First up, bread service. Instead of the usual bread and butter routine, we were treated to a fluffy bowl of popcorn treated with toasted seaweed. So addicting that we scarfed down three bowls of this within minutes of getting situated.

It was a good thing the garlic fries soon arrived as we would packed away their entire popcorn supply! Thinly cut, expertly fried and sprinkled with just enough garlic, these fries made for a top class appetizer, especially when dipped (and doubled dipped) in their housemade smoky chipotle aioli.

We also ordered the Ruxbin’s Croque Monsieur. Normally it’s leaden with cheese and quite deadly, but this rendition was given major lippo and makeover with the use of fresh tomatoes, olive tapenade and a sprinkling of herbs.

For libations, we let our server (who was also the in house mixologist) take care of us. His special of the night was a homemade ginger soda with lemongrass, cucumber and Thai chili. It started out refreshing and cool and slowly grew spicier as the meal progressed. Lovely!

By then, a table opened up and we were ushered downstairs. It was a feast for the eyes being fully immersed in the dining room. With Vicki as our guide, she pointed out the reclaimed elements, which was basically every piece in the room! Here are some highlights: the glass wall was salvaged from a DJ booth, the lights made from old chandeliers and school chairs, seats created from old Eames chairs and seatbelts and the ceiling were decoupage with vintage cookbook pages.

Finally, our mains arrived. Mussels bathed in a savory mixture of sake, tomatoes, orange and fennel was textbook good, but the hanger steak stole the show.

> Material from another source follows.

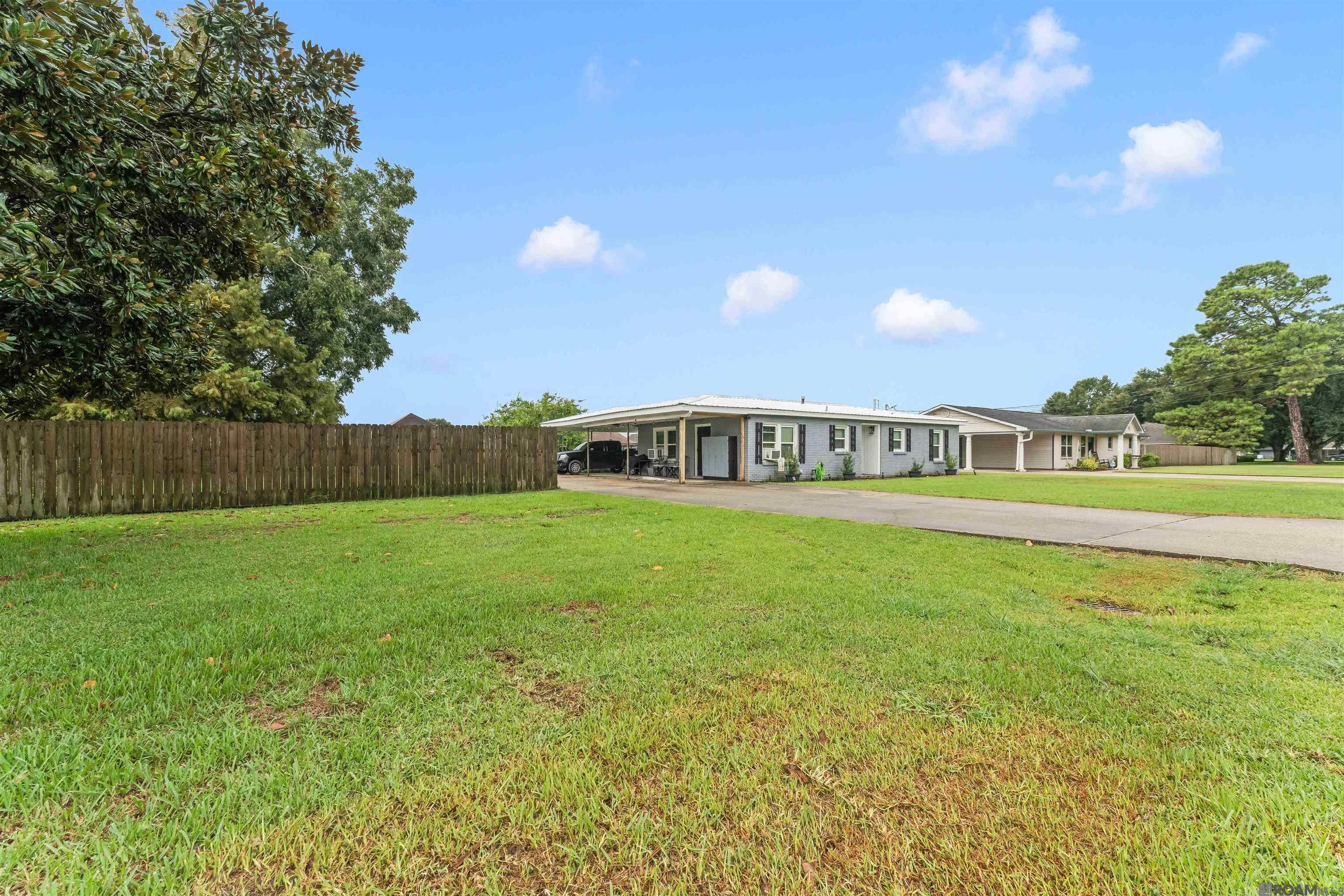 3651 Bird Heights Ave - Photo 2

The humble cut of beef was elevated to prima dona status as it was perfectly grilled and adorned with a single caramelized yolk (made by poaching it in a solution of melted sugar and fat). When pierced, the yolk coated the slices of steak luxuriously… I am salivating just thinking about it. And it only gets better from there with the strong support cast of crispy kale and kimchi fried potatoes. It was hands down the best dish from the trip.

By then, we were ready to throw in the towel but Vicki encouraged us all to push through by sending out desserts. The first was a refreshing lime panna cotta with lychee and toasted coconut, almost like a pina colada!

The other was a grown up strawberry shortcake, was macerated berries, chantilly creme, crispy biscuit and a balsamic drizzle. The only regret I had was wishing I didn’t eat as much during the meal so I could have enjoyed it more fully.

My friends and I stumbled back the car afterwards fully sated and with grins all around. We were definitely in a state of gastrophoria.

I couldn’t have asked for a better first night in Chicago. Thank you Vicki for taking care of us and showing me Chi-town is so much more than deep dish pizza!